Legalizar e regular evita o tráfico e traz receitas para a economia oficial.
Os movimentos financeiros associados ao tráfico e à venda de canábis são muito elevados e acontecem hoje fora dos limites da economia oficial, beneficiando traficantes e redes de tráfico. A legalização da canábis permitirá incorporar esta economia paralela na economia oficial, gerando receitas importantes para o Estado, que poderão ser diretamente aplicadas nos serviços de saúde e em campanhas informativas sobre consumos responsáveis.
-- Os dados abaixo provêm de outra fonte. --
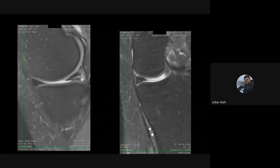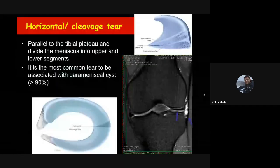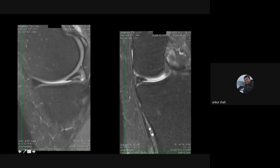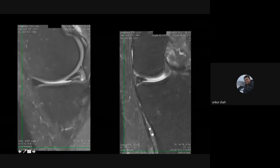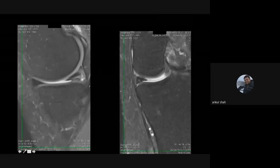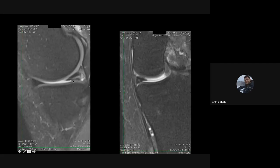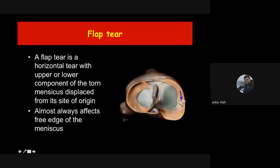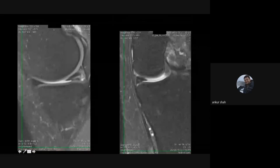The second criteria for meniscal tear is abnormality of shape. If the posterior horn shows a broken triangle with a small fragment missing, this abnormality of shape almost always indicates a meniscal tear, confirmed on coronal images where the triangle is missing and a small fragment is torn and displaced. This is known as the flap tear — a part of the meniscus is torn and displaced, most commonly into either the meniscofemoral or meniscotibial recess, or even into the intercondylar region where it acts like a loose body.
A produção e o cultivo devem ser regulamentados e sustentáveis.
Portugal, devido às condições climáticas e geopolíticas, é considerado ideal para o cultivo e transformação de canábis destinada ao consumo na União Europeia. O LIVRE reconhece que, do ponto de vista económico,  esta é uma oportunidade Contudo, considera também fundamental regulamentar o cultivo de canábis em Portugal, de forma a que este seja verdadeiramente sustentável na perspectiva agrícola e dos pontos de vista ambiental e ecológico.
A superfície agrícola útil em Portugal é limitada e a água é um recurso que tende a escassear, sendo por isso fundamental estabelecer  prioridades. No conjunto das espécies e variedades agrícolas cultivadas em Portugal, a prioridade deve ser dada àquelas que se destinam à alimentação humana.
A monocultura intensiva da canábis deve ser combatida, para salvaguarda do uso intensivo do solo e dos seus nutrientes, do uso excessivo de água e dos efeitos negativos sobre a biodiversidade. Este modo de cultivo já exerce significativo impacto ambiental noutras regiões do globo, como a Califórnia, e é essencial preveni-lo em Portugal.
Por isso, o LIVRE sublinha a necessidade de condicionar o início da produção de canábis para fins recreativos em Portugal, ao desenvolvimento e implementação de uma norma e de referenciais destinados ao cultivo sustentável da canábis.

Sobre a discussão e votação na Assembleia da República
Apelamos aos partidos com assento parlamentar que promovam a discussão  dos projetos-lei sobre a canábis sem preconceitos e com base em conhecimento científico e em  toda a experiência acumulada noutros países do mundo.